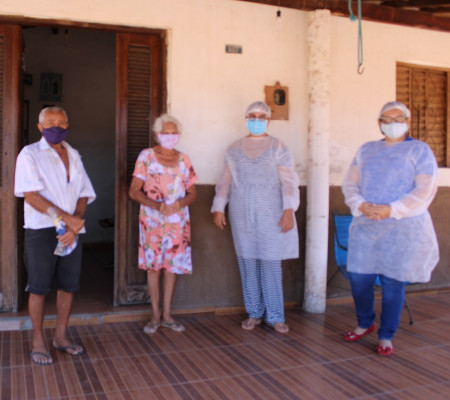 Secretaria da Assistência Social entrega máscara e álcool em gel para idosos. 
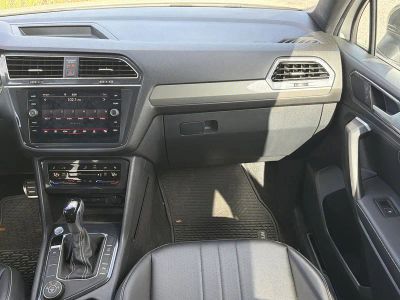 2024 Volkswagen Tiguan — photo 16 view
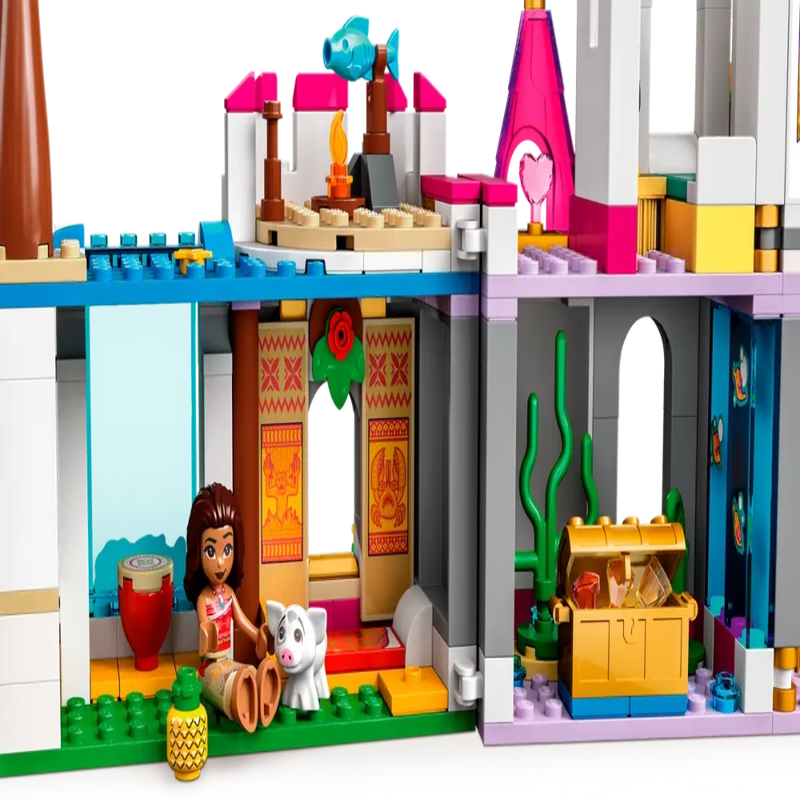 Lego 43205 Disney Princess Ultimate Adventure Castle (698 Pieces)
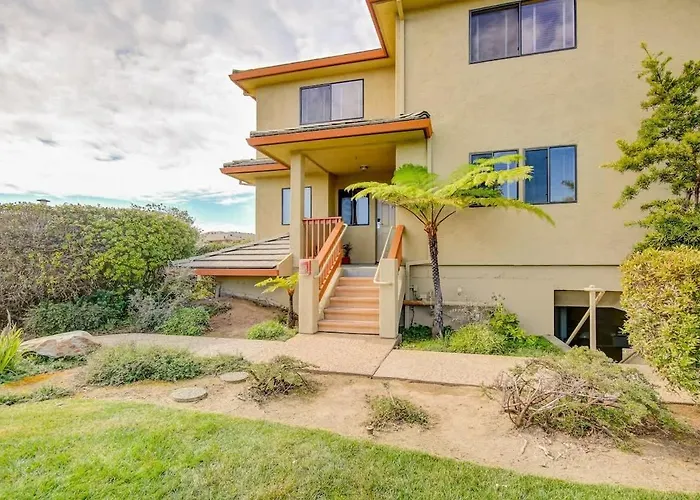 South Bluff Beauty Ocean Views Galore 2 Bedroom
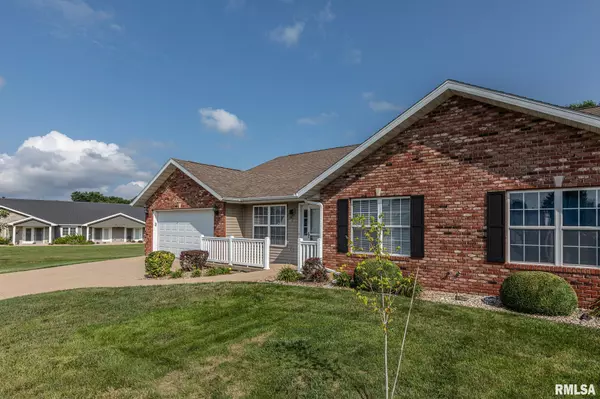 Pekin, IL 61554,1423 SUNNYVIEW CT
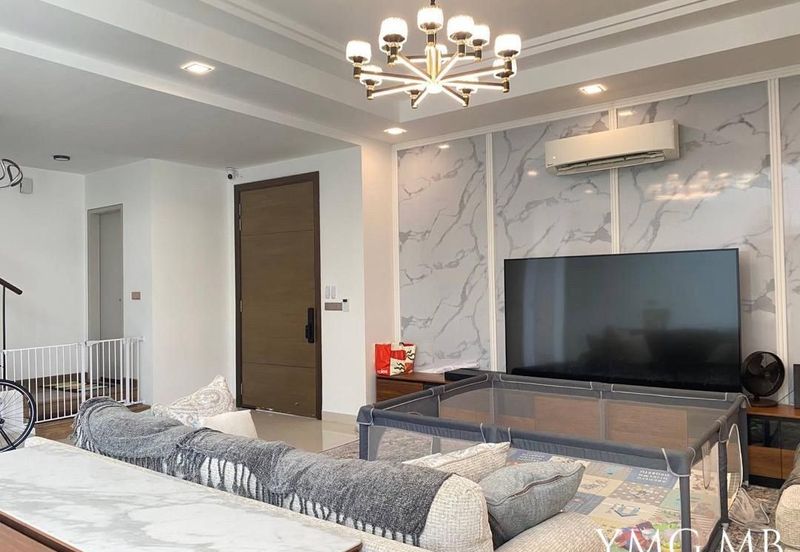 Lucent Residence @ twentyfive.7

*ASSIGNMENT*. Print every entry above again without changing a word, and omit the pictures.

*RESPONSE*.
 Secretaria da Assistência Social entrega máscara e álcool em gel para idosos. 
 2024 Volkswagen Tiguan — photo 16 view
 Lego 43205 Disney Princess Ultimate Adventure Castle (698 Pieces)
 South Bluff Beauty Ocean Views Galore 2 Bedroom
 Pekin, IL 61554,1423 SUNNYVIEW CT
 Lucent Residence @ twentyfive.7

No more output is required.